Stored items
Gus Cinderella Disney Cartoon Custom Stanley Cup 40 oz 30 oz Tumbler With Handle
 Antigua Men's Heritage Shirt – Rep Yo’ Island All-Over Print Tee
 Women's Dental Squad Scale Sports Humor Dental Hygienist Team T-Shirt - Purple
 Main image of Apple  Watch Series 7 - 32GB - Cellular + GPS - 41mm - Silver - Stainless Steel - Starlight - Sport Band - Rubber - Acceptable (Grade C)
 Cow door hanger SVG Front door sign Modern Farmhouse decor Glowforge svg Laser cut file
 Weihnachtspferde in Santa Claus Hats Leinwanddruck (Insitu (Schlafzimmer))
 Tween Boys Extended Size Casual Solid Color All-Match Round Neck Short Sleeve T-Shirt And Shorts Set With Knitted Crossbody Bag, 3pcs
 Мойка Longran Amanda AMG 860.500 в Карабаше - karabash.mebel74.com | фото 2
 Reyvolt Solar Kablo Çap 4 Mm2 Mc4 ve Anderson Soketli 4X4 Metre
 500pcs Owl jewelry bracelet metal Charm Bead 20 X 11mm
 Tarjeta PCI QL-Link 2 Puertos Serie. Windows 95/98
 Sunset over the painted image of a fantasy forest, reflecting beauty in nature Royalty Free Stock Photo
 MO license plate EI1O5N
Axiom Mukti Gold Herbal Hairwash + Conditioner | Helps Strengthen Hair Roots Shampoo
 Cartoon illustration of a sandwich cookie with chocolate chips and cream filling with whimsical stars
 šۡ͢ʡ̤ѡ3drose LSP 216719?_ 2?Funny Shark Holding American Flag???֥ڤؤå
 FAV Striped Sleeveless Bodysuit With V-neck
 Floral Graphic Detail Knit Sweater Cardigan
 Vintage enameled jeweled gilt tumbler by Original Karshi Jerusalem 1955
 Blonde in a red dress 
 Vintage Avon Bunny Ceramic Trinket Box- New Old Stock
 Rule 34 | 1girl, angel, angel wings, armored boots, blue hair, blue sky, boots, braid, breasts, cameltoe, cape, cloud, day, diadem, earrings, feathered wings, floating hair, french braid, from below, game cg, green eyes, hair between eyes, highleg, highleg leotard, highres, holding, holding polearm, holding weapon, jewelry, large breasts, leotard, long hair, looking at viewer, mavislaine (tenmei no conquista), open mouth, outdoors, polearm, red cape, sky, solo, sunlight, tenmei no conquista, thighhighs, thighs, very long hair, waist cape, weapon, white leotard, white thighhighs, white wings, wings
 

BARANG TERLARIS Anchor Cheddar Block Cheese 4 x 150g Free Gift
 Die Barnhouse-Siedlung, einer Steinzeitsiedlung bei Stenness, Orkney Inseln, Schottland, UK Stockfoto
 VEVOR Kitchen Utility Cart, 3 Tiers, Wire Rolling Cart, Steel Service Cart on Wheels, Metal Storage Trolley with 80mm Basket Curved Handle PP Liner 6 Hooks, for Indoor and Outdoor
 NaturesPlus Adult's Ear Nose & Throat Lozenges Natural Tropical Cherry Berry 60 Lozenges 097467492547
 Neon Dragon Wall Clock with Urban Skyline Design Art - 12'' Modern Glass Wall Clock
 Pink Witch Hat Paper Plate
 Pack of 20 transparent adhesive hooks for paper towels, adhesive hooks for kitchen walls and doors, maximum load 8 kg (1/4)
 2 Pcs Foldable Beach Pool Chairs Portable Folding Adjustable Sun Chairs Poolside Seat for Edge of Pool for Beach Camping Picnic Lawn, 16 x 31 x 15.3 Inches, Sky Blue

**Brief**.
Each line of the data above must be restated word for word.

**Answer space**.
Gus Cinderella Disney Cartoon Custom Stanley Cup 40 oz 30 oz Tumbler With Handle
 Antigua Men's Heritage Shirt – Rep Yo’ Island All-Over Print Tee
 Women's Dental Squad Scale Sports Humor Dental Hygienist Team T-Shirt - Purple
 Main image of Apple  Watch Series 7 - 32GB - Cellular + GPS - 41mm - Silver - Stainless Steel - Starlight - Sport Band - Rubber - Acceptable (Grade C)
 Cow door hanger SVG Front door sign Modern Farmhouse decor Glowforge svg Laser cut file
 Weihnachtspferde in Santa Claus Hats Leinwanddruck (Insitu (Schlafzimmer))
 Tween Boys Extended Size Casual Solid Color All-Match Round Neck Short Sleeve T-Shirt And Shorts Set With Knitted Crossbody Bag, 3pcs
 Мойка Longran Amanda AMG 860.500 в Карабаше - karabash.mebel74.com | фото 2
 Reyvolt Solar Kablo Çap 4 Mm2 Mc4 ve Anderson Soketli 4X4 Metre
 500pcs Owl jewelry bracelet metal Charm Bead 20 X 11mm
 Tarjeta PCI QL-Link 2 Puertos Serie. Windows 95/98
 Sunset over the painted image of a fantasy forest, reflecting beauty in nature Royalty Free Stock Photo
 MO license plate EI1O5N
Axiom Mukti Gold Herbal Hairwash + Conditioner | Helps Strengthen Hair Roots Shampoo
 Cartoon illustration of a sandwich cookie with chocolate chips and cream filling with whimsical stars
 šۡ͢ʡ̤ѡ3drose LSP 216719?_ 2?Funny Shark Holding American Flag???֥ڤؤå
 FAV Striped Sleeveless Bodysuit With V-neck
 Floral Graphic Detail Knit Sweater Cardigan
 Vintage enameled jeweled gilt tumbler by Original Karshi Jerusalem 1955
 Blonde in a red dress 
 Vintage Avon Bunny Ceramic Trinket Box- New Old Stock
 Rule 34 | 1girl, angel, angel wings, armored boots, blue hair, blue sky, boots, braid, breasts, cameltoe, cape, cloud, day, diadem, earrings, feathered wings, floating hair, french braid, from below, game cg, green eyes, hair between eyes, highleg, highleg leotard, highres, holding, holding polearm, holding weapon, jewelry, large breasts, leotard, long hair, looking at viewer, mavislaine (tenmei no conquista), open mouth, outdoors, polearm, red cape, sky, solo, sunlight, tenmei no conquista, thighhighs, thighs, very long hair, waist cape, weapon, white leotard, white thighhighs, white wings, wings
 

BARANG TERLARIS Anchor Cheddar Block Cheese 4 x 150g Free Gift
 Die Barnhouse-Siedlung, einer Steinzeitsiedlung bei Stenness, Orkney Inseln, Schottland, UK Stockfoto
 VEVOR Kitchen Utility Cart, 3 Tiers, Wire Rolling Cart, Steel Service Cart on Wheels, Metal Storage Trolley with 80mm Basket Curved Handle PP Liner 6 Hooks, for Indoor and Outdoor
 NaturesPlus Adult's Ear Nose & Throat Lozenges Natural Tropical Cherry Berry 60 Lozenges 097467492547
 Neon Dragon Wall Clock with Urban Skyline Design Art - 12'' Modern Glass Wall Clock
 Pink Witch Hat Paper Plate
 Pack of 20 transparent adhesive hooks for paper towels, adhesive hooks for kitchen walls and doors, maximum load 8 kg (1/4)
 2 Pcs Foldable Beach Pool Chairs Portable Folding Adjustable Sun Chairs Poolside Seat for Edge of Pool for Beach Camping Picnic Lawn, 16 x 31 x 15.3 Inches, Sky Blue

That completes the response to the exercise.